Task requirements ::
Quote the data below in full, please, without altering anything.

** Opening Entries provided block **

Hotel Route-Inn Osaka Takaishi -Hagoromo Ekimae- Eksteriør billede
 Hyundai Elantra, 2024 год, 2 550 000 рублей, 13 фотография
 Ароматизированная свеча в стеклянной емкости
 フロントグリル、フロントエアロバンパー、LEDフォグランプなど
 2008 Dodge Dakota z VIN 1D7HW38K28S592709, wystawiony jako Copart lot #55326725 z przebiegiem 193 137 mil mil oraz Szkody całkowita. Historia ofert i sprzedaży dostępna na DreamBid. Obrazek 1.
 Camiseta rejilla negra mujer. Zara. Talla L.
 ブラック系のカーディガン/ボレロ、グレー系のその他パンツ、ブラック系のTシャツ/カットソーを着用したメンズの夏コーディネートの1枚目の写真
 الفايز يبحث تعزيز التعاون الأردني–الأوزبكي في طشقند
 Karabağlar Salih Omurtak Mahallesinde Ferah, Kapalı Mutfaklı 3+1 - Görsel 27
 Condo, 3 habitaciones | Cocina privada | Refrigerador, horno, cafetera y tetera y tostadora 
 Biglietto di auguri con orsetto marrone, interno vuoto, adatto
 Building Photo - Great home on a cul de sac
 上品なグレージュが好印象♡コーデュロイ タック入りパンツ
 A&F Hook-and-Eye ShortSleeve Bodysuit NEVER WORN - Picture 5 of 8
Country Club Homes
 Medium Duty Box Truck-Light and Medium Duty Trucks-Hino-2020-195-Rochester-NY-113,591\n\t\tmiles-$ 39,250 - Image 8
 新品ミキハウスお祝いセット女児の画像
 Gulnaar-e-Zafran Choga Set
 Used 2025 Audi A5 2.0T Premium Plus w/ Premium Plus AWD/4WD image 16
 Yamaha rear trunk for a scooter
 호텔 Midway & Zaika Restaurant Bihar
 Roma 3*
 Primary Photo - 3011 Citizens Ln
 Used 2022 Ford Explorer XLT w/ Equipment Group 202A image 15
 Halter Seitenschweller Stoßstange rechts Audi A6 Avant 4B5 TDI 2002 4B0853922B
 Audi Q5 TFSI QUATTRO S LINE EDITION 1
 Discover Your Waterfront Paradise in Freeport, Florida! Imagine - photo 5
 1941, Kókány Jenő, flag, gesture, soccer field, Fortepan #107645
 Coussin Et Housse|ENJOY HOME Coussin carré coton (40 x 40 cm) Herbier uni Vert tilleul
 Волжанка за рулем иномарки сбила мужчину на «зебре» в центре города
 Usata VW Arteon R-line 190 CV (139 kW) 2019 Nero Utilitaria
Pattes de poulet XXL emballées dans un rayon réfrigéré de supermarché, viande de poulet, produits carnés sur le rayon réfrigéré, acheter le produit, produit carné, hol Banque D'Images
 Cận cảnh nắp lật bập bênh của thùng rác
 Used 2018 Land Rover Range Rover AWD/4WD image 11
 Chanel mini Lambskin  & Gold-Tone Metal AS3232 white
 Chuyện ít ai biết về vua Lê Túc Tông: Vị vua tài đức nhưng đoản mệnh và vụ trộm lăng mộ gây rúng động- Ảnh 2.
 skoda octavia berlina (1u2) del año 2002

** Closing Entries provided block **

Response area ::
Hotel Route-Inn Osaka Takaishi -Hagoromo Ekimae- Eksteriør billede
 Hyundai Elantra, 2024 год, 2 550 000 рублей, 13 фотография
 Ароматизированная свеча в стеклянной емкости
 フロントグリル、フロントエアロバンパー、LEDフォグランプなど
 2008 Dodge Dakota z VIN 1D7HW38K28S592709, wystawiony jako Copart lot #55326725 z przebiegiem 193 137 mil mil oraz Szkody całkowita. Historia ofert i sprzedaży dostępna na DreamBid. Obrazek 1.
 Camiseta rejilla negra mujer. Zara. Talla L.
 ブラック系のカーディガン/ボレロ、グレー系のその他パンツ、ブラック系のTシャツ/カットソーを着用したメンズの夏コーディネートの1枚目の写真
 الفايز يبحث تعزيز التعاون الأردني–الأوزبكي في طشقند
 Karabağlar Salih Omurtak Mahallesinde Ferah, Kapalı Mutfaklı 3+1 - Görsel 27
 Condo, 3 habitaciones | Cocina privada | Refrigerador, horno, cafetera y tetera y tostadora 
 Biglietto di auguri con orsetto marrone, interno vuoto, adatto
 Building Photo - Great home on a cul de sac
 上品なグレージュが好印象♡コーデュロイ タック入りパンツ
 A&F Hook-and-Eye ShortSleeve Bodysuit NEVER WORN - Picture 5 of 8
Country Club Homes
 Medium Duty Box Truck-Light and Medium Duty Trucks-Hino-2020-195-Rochester-NY-113,591\n\t\tmiles-$ 39,250 - Image 8
 新品ミキハウスお祝いセット女児の画像
 Gulnaar-e-Zafran Choga Set
 Used 2025 Audi A5 2.0T Premium Plus w/ Premium Plus AWD/4WD image 16
 Yamaha rear trunk for a scooter
 호텔 Midway & Zaika Restaurant Bihar
 Roma 3*
 Primary Photo - 3011 Citizens Ln
 Used 2022 Ford Explorer XLT w/ Equipment Group 202A image 15
 Halter Seitenschweller Stoßstange rechts Audi A6 Avant 4B5 TDI 2002 4B0853922B
 Audi Q5 TFSI QUATTRO S LINE EDITION 1
 Discover Your Waterfront Paradise in Freeport, Florida! Imagine - photo 5
 1941, Kókány Jenő, flag, gesture, soccer field, Fortepan #107645
 Coussin Et Housse|ENJOY HOME Coussin carré coton (40 x 40 cm) Herbier uni Vert tilleul
 Волжанка за рулем иномарки сбила мужчину на «зебре» в центре города
 Usata VW Arteon R-line 190 CV (139 kW) 2019 Nero Utilitaria
Pattes de poulet XXL emballées dans un rayon réfrigéré de supermarché, viande de poulet, produits carnés sur le rayon réfrigéré, acheter le produit, produit carné, hol Banque D'Images
 Cận cảnh nắp lật bập bênh của thùng rác
 Used 2018 Land Rover Range Rover AWD/4WD image 11
 Chanel mini Lambskin  & Gold-Tone Metal AS3232 white
 Chuyện ít ai biết về vua Lê Túc Tông: Vị vua tài đức nhưng đoản mệnh và vụ trộm lăng mộ gây rúng động- Ảnh 2.
 skoda octavia berlina (1u2) del año 2002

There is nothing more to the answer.